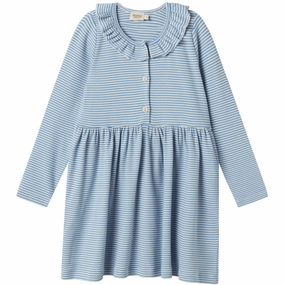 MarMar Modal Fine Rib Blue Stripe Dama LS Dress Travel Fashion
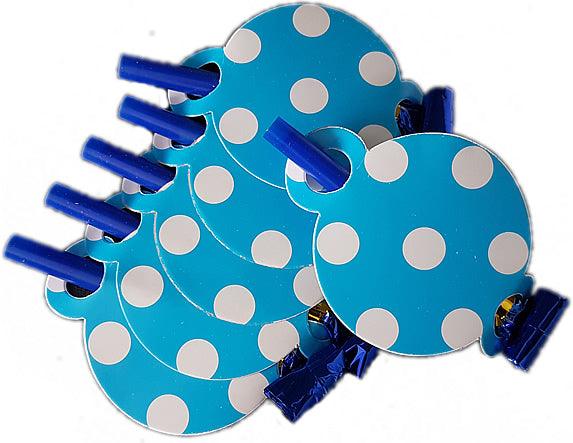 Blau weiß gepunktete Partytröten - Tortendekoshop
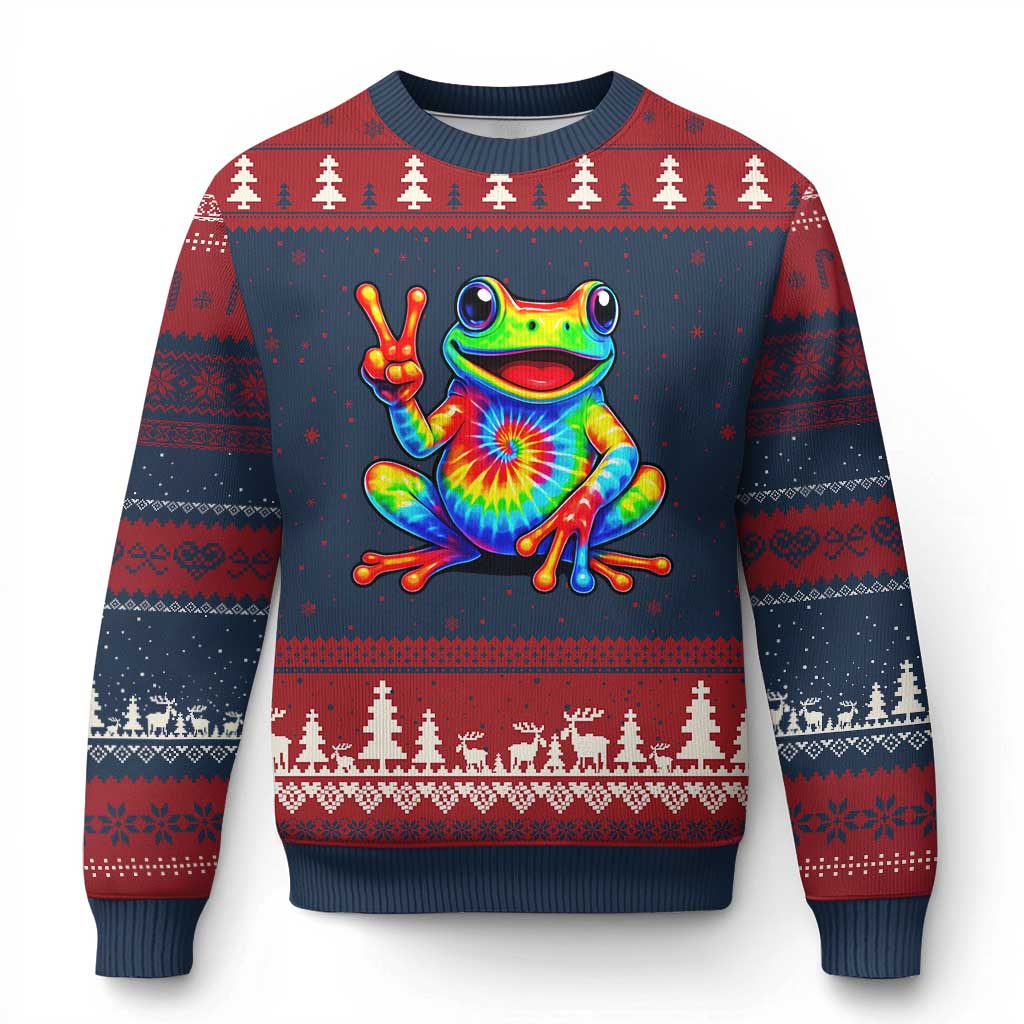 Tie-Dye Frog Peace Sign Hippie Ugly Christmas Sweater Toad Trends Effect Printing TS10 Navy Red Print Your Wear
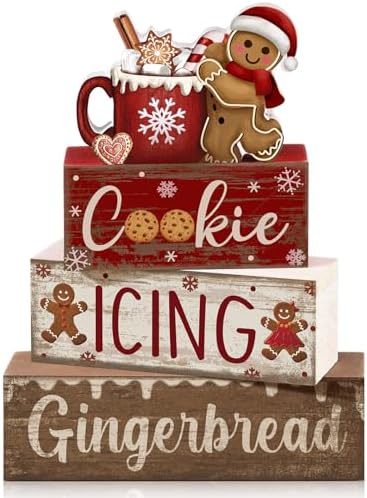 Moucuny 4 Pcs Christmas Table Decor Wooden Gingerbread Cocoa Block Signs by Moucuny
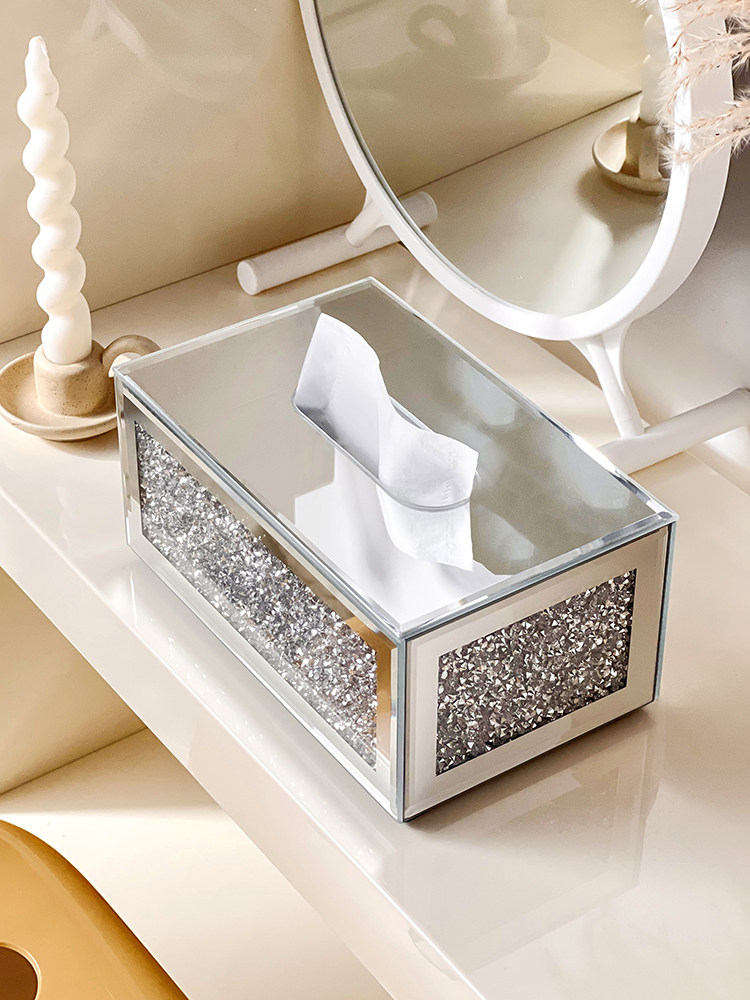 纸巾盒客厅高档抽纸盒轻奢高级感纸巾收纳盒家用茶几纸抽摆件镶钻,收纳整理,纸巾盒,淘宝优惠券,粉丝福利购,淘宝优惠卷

Work instruction:
Copy exactly the lines that run from the one containing "Tie-Dye Frog Peace" to the last line of the records, both included, and leave out every picture.

Answer section:
 Tie-Dye Frog Peace Sign Hippie Ugly Christmas Sweater Toad Trends Effect Printing TS10 Navy Red Print Your Wear
 Moucuny 4 Pcs Christmas Table Decor Wooden Gingerbread Cocoa Block Signs by Moucuny
 纸巾盒客厅高档抽纸盒轻奢高级感纸巾收纳盒家用茶几纸抽摆件镶钻,收纳整理,纸巾盒,淘宝优惠券,粉丝福利购,淘宝优惠卷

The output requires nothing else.